OpenStack Neutron’s support for VXLANs means you can create thousands of tenant networks within your infrastructure without hitting the 4,094 VLAN ID limit. The ML2 plugin architecture gives you flexibility in how you implement networking, and the full root access OpenMetal provides means you can customize Neutron configuration to match your specific requirements.

Whether you’re building a SaaS platform that needs strong tenant isolation, running blockchain validators that need high-bandwidth connectivity, or deploying AI workloads that move large datasets between storage and compute, understanding the underlying network architecture helps you design systems that are secure, performant, and compliant with regulatory requirements.

Ready to deploy your private cloud with enterprise-grade network architecture? Check out the OpenMetal Cloud Deployment Calculator to explore configuration options, or dive into our documentation on connecting clusters and configuring external networks.

FAQs

What’s the difference between VLANs and VXLANs?

VLANs operate at Layer 2 and are limited to 4,094 unique identifiers, which restricts scalability in large cloud environments. VXLANs tunnel Layer 2 traffic over Layer 3 networks using UDP encapsulation and support up to 16 million unique network identifiers through their 24-bit VNI field. VXLANs can span multiple data centers without physical network reconfiguration, while traditional VLANs are constrained by physical network topology.

How does dedicated VLAN infrastructure improve security?

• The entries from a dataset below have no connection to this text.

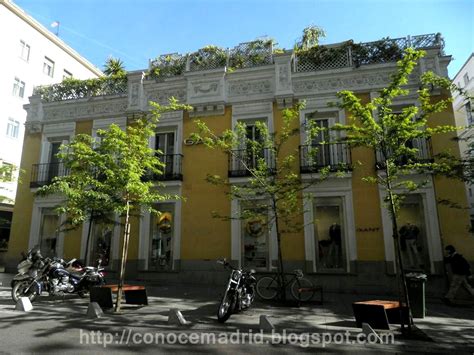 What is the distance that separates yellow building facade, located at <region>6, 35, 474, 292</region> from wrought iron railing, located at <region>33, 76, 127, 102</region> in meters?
0.40

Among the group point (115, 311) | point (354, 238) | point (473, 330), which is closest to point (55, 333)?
point (115, 311)

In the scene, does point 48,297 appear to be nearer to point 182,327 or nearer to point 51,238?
point 182,327

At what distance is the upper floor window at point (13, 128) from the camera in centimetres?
2553

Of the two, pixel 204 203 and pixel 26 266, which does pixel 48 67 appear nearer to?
pixel 204 203

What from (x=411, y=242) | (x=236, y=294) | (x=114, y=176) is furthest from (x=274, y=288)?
(x=411, y=242)

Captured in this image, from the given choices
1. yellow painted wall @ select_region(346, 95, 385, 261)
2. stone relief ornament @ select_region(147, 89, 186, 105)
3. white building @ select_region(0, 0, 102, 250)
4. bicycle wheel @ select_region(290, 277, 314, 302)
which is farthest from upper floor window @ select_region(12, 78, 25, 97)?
bicycle wheel @ select_region(290, 277, 314, 302)

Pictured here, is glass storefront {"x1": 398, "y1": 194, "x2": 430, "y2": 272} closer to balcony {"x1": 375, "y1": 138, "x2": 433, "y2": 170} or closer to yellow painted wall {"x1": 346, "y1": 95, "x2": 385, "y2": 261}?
yellow painted wall {"x1": 346, "y1": 95, "x2": 385, "y2": 261}

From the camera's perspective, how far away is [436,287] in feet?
37.2

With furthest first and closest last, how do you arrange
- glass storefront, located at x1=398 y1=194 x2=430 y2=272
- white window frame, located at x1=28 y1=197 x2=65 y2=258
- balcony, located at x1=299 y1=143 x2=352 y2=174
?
white window frame, located at x1=28 y1=197 x2=65 y2=258, balcony, located at x1=299 y1=143 x2=352 y2=174, glass storefront, located at x1=398 y1=194 x2=430 y2=272

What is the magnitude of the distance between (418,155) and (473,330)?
6751 millimetres

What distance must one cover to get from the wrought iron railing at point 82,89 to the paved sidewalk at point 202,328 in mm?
9598

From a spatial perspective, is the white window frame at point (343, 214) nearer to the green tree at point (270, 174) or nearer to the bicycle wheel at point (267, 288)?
the green tree at point (270, 174)

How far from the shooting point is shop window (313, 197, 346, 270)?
12516 millimetres

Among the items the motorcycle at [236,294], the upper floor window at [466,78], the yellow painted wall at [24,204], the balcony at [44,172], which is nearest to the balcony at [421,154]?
the motorcycle at [236,294] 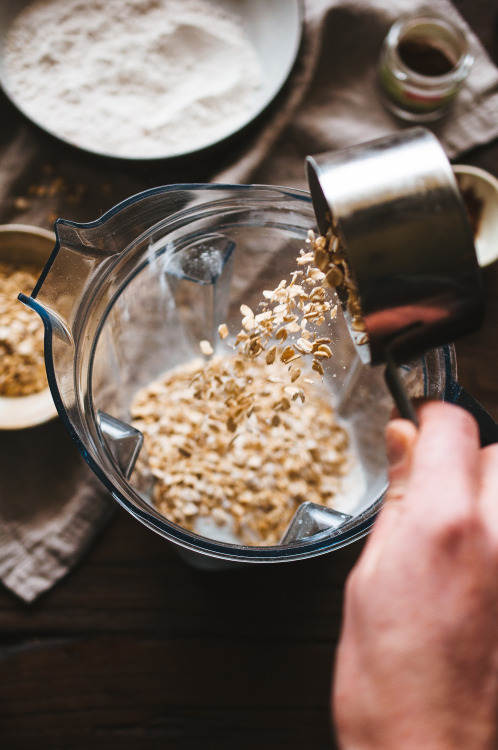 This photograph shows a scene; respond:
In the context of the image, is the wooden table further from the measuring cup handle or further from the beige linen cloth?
the measuring cup handle

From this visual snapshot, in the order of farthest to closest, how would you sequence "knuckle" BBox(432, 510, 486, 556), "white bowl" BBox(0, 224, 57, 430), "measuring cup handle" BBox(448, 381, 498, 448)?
1. "white bowl" BBox(0, 224, 57, 430)
2. "measuring cup handle" BBox(448, 381, 498, 448)
3. "knuckle" BBox(432, 510, 486, 556)

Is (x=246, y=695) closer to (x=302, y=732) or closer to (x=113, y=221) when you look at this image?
(x=302, y=732)

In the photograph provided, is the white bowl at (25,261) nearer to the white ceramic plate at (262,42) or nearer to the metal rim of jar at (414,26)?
the white ceramic plate at (262,42)

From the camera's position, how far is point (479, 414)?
55 cm

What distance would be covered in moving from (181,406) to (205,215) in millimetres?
212

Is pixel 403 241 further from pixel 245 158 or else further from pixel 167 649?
pixel 167 649

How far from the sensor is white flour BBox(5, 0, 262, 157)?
0.84 metres

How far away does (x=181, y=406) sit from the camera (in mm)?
728

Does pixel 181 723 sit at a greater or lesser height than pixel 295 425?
lesser

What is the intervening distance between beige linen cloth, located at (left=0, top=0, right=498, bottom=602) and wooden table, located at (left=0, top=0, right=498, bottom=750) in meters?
0.05

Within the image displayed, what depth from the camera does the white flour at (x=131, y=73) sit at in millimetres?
844

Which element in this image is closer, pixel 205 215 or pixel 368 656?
pixel 368 656

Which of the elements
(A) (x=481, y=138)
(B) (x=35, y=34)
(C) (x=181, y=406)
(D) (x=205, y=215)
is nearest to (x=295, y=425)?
(C) (x=181, y=406)

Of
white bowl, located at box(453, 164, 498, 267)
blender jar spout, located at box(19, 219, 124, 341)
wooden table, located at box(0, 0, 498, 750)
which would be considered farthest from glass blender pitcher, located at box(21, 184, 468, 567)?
white bowl, located at box(453, 164, 498, 267) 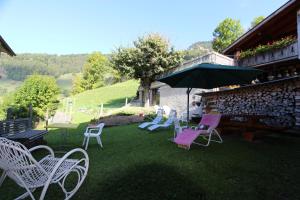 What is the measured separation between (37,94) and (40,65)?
96941 millimetres

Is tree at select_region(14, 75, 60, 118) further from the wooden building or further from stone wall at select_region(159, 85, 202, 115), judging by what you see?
the wooden building

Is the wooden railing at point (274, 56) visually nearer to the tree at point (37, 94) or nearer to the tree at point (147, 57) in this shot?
the tree at point (147, 57)

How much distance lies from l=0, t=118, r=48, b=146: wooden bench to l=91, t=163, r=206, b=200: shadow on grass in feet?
10.1

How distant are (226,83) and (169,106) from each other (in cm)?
1172

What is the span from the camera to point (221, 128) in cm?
778

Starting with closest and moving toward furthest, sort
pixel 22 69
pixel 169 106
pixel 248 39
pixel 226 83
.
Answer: pixel 226 83 → pixel 248 39 → pixel 169 106 → pixel 22 69

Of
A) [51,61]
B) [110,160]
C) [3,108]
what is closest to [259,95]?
[110,160]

Dedicated VLANs provide complete broadcast domain isolation between customers. Your ARP tables, broadcast traffic, and Layer 2 network segments never touch other customer infrastructure. This eliminates cross-tenant broadcast storms, prevents ARP spoofing attacks from reaching beyond your infrastructure, and provides demonstrable network isolation for compliance audits. Physical crossover occurs only at the switch level for internet and IPMI traffic.

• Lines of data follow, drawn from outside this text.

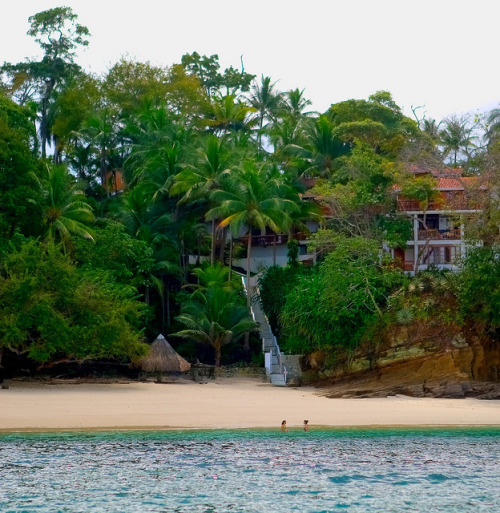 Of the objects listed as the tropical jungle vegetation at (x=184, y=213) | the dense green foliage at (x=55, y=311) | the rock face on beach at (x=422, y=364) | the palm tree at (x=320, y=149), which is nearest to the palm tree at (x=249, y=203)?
the tropical jungle vegetation at (x=184, y=213)

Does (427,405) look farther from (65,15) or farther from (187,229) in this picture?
(65,15)

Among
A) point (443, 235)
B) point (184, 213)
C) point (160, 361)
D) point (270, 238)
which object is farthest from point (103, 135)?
point (443, 235)

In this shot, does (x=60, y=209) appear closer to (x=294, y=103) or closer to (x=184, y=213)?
(x=184, y=213)

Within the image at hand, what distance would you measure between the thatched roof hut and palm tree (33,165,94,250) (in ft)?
18.9

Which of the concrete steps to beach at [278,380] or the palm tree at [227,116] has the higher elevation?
the palm tree at [227,116]

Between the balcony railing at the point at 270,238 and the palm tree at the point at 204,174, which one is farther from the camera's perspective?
the balcony railing at the point at 270,238

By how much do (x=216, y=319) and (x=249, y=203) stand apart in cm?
589

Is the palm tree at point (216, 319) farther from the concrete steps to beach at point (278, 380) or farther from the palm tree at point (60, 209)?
the palm tree at point (60, 209)

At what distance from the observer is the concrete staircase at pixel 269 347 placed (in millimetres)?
34162

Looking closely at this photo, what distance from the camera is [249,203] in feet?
127

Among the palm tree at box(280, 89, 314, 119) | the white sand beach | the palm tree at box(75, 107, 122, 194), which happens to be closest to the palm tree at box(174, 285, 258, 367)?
the white sand beach

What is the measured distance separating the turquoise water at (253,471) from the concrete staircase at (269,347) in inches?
441

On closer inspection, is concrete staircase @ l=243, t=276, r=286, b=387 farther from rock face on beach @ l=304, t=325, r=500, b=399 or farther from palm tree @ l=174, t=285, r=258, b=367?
rock face on beach @ l=304, t=325, r=500, b=399

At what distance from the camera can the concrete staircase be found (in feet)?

What bandwidth does OpenMetal provide for private networking?

Each server in an OpenMetal Private Cloud Core includes dual 10 Gbps NICs providing 20 Gbps aggregate bandwidth for private networking. This bandwidth is unmetered for internal traffic between your servers. Public connectivity operates at 1-2 Gbps depending on your configuration, with 95th percentile billing for public bandwidth usage.

Can I configure custom network topologies in OpenStack Neutron?

OpenMetal provides full root access to your infrastructure, which means you have complete control over Neutron configuration. You can create custom network topologies, adjust MTU sizes, configure routing policies, implement VPNaaS for site-to-site connectivity, and set up load balancing. Network management is available through OpenStack APIs, the Horizon dashboard, and direct CLI access.